(Input material begins)

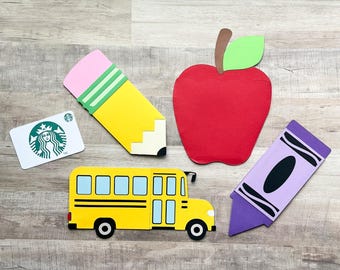 Teacher Gift Card Holder Set, Teacher Appreciation Gift, End of School Year, Back to School
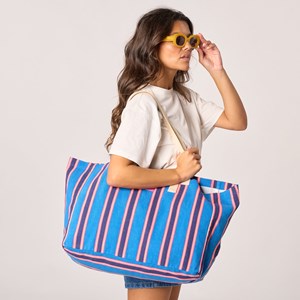 Sac cabas en coton biologique rayé bleu Bleu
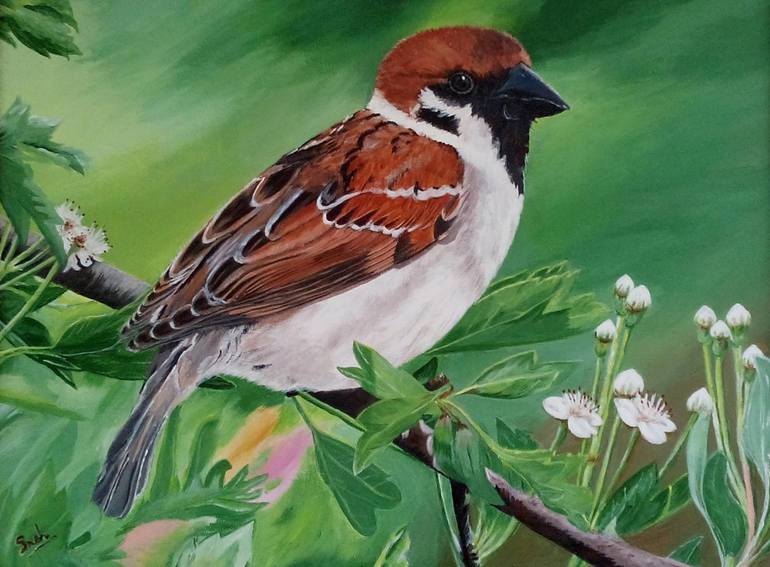 770x567 Saatchi Art The Sparrow Painting By Sneh Daheriya - Sparrow Painting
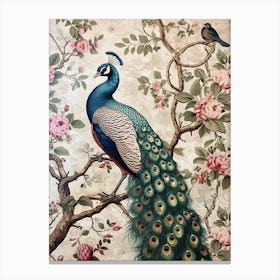 Vintage Floral Peacock Wallpaper Inspired With Another Bird Canvas Print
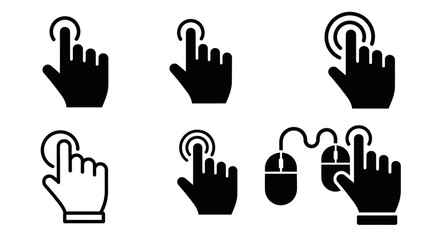 Fototapeta premium Cursor Icons: Hand Pointer and Computer Mouse Clicks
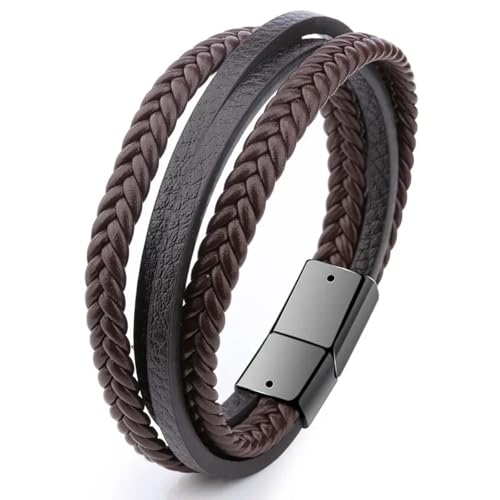 Bracelet en cuir multicouche pour hommes : bijoux vintage faits main style fashion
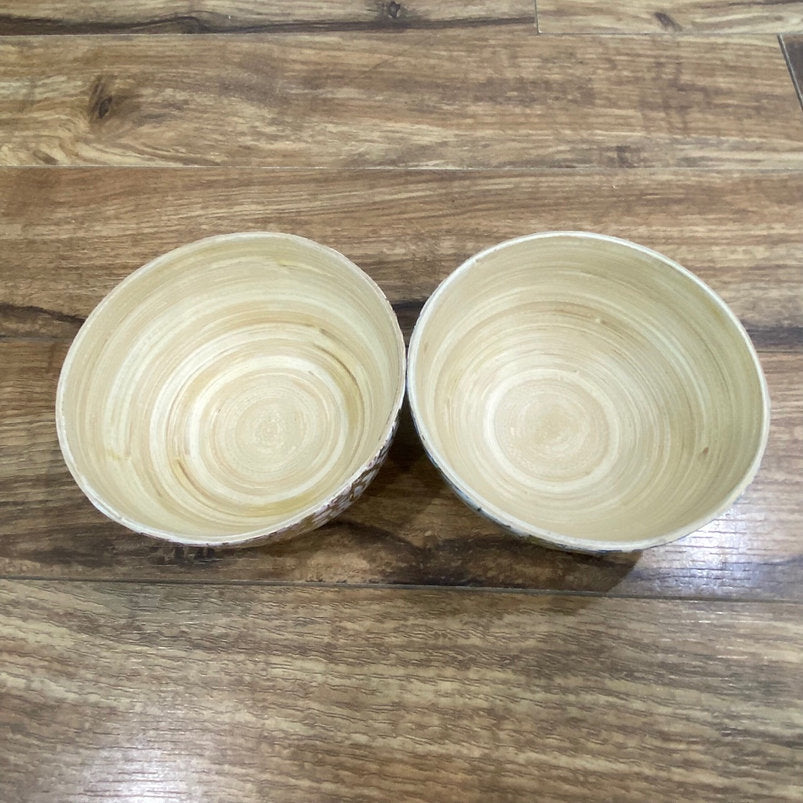 Set of 3 Handmade Bamboo bowls with a spoon set - maystudio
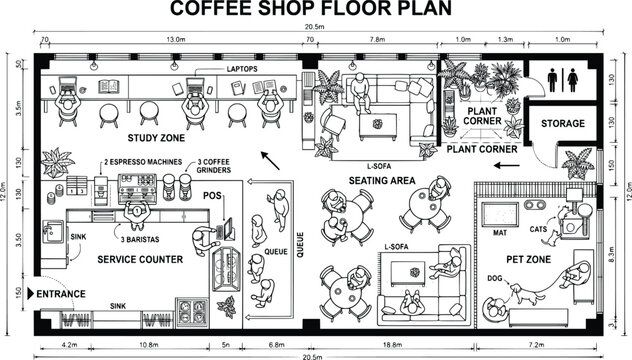 Coffee shop floor plan, Hand Drawn Coffee House Architectural Floor Plan restaurant , cafe design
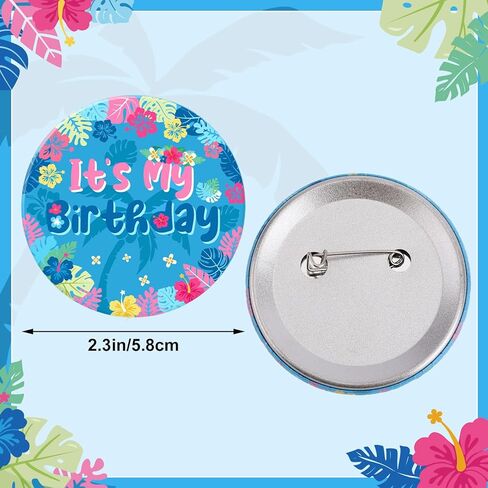 Hawaii It's My Birthday Pin, 2.3in Summer Happy Birthday Button Badge Palm Leaf for Boys Girls Women Men Party Decorations in Saudi Arabia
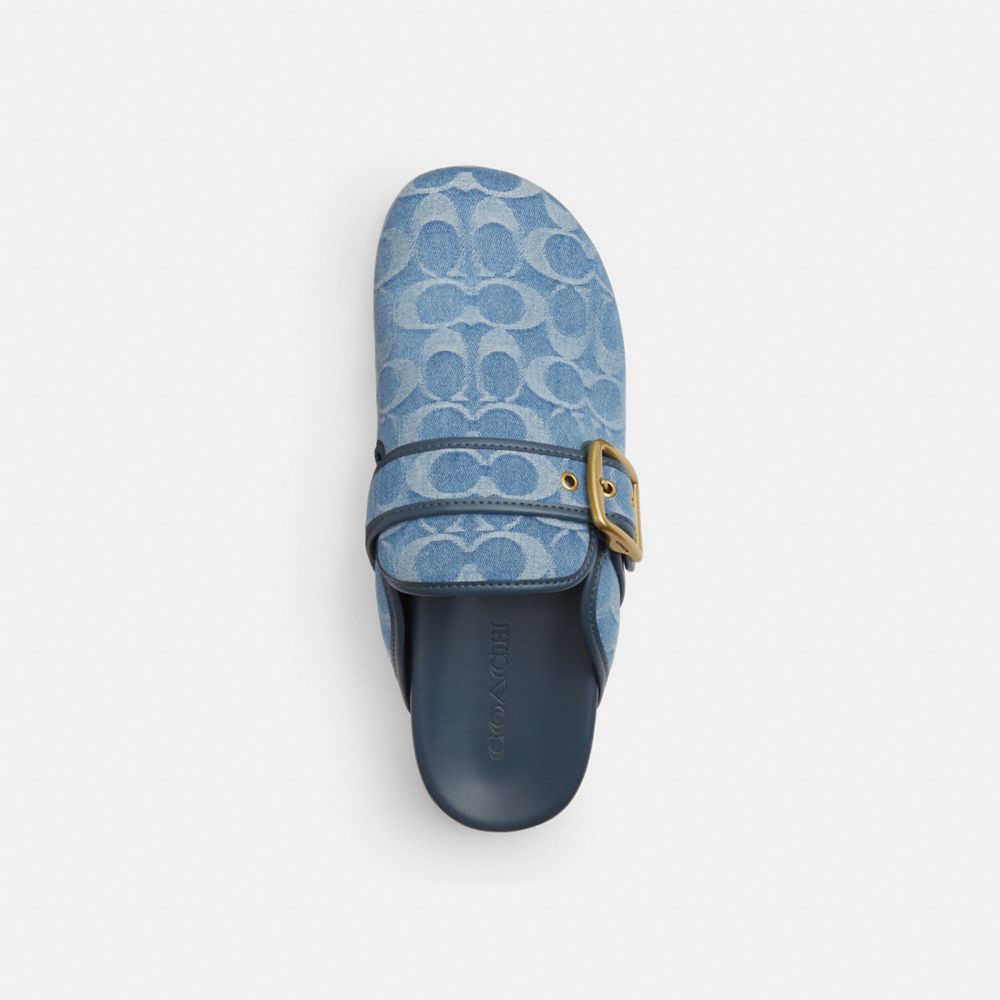 COACH®,Archival Buckle Clog In Regenerative Cotton Signature Denim,Rubber,Leather,Denim,Cotton,Mules,Clogs,Logo,Piping,Casual,Blue,Inside View,Top View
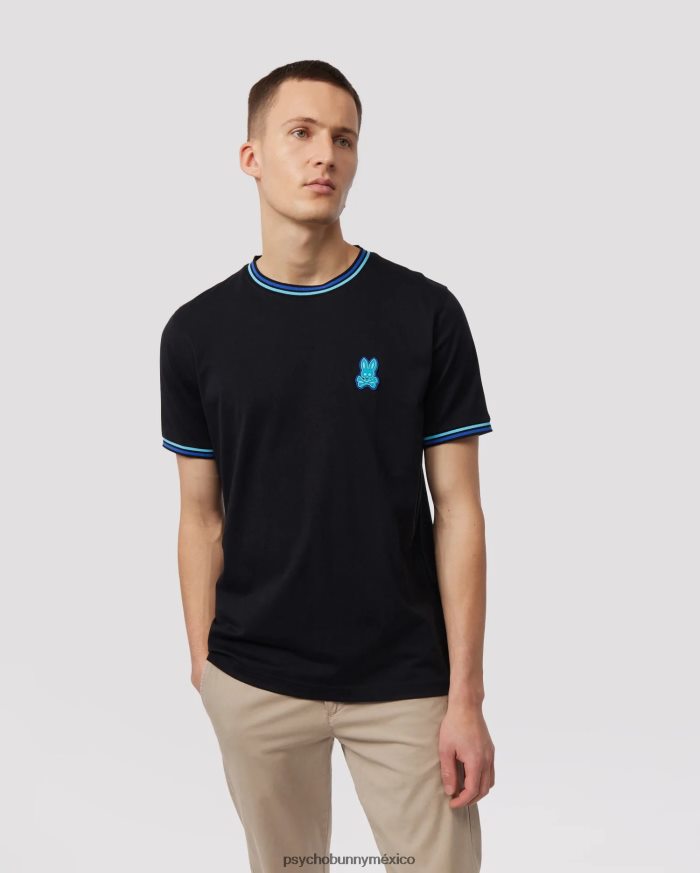 camiseta de moda de bancos para hombre negroR46422141 Psycho Bunny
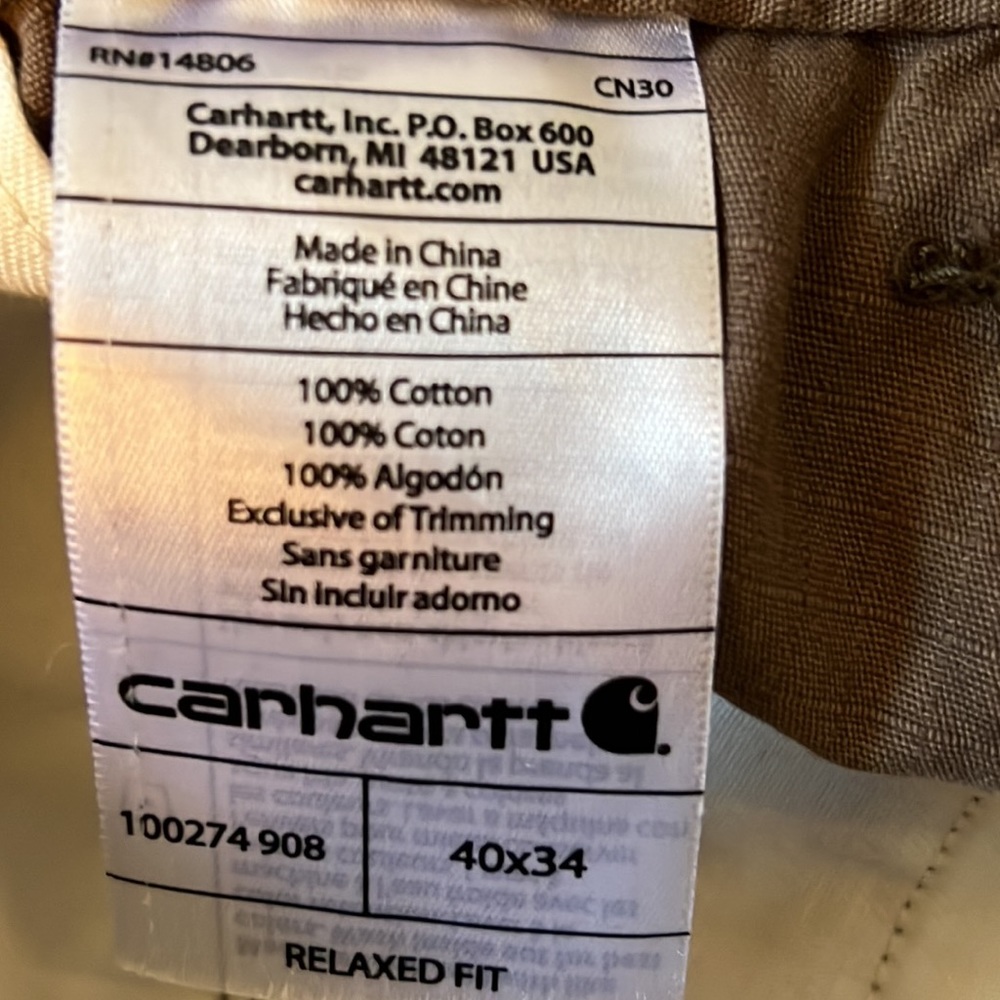 Carhartt Men Khaki Chino Brown Pants - Picture 8 of 9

(Input material ends)

- **Your assignment**: Copy out the lines above from the line containing "Vintage Floral Peacock" through the line containing "COACH®,Archival Buckle Clog", exactly, and keep the pictures out.

- **Exercise output**:
 Vintage Floral Peacock Wallpaper Inspired With Another Bird Canvas Print
 Fototapeta premium Cursor Icons: Hand Pointer and Computer Mouse Clicks
 Bracelet en cuir multicouche pour hommes : bijoux vintage faits main style fashion
 Set of 3 Handmade Bamboo bowls with a spoon set - maystudio
 Coffee shop floor plan, Hand Drawn Coffee House Architectural Floor Plan restaurant , cafe design
 Hawaii It's My Birthday Pin, 2.3in Summer Happy Birthday Button Badge Palm Leaf for Boys Girls Women Men Party Decorations in Saudi Arabia
 COACH®,Archival Buckle Clog In Regenerative Cotton Signature Denim,Rubber,Leather,Denim,Cotton,Mules,Clogs,Logo,Piping,Casual,Blue,Inside View,Top View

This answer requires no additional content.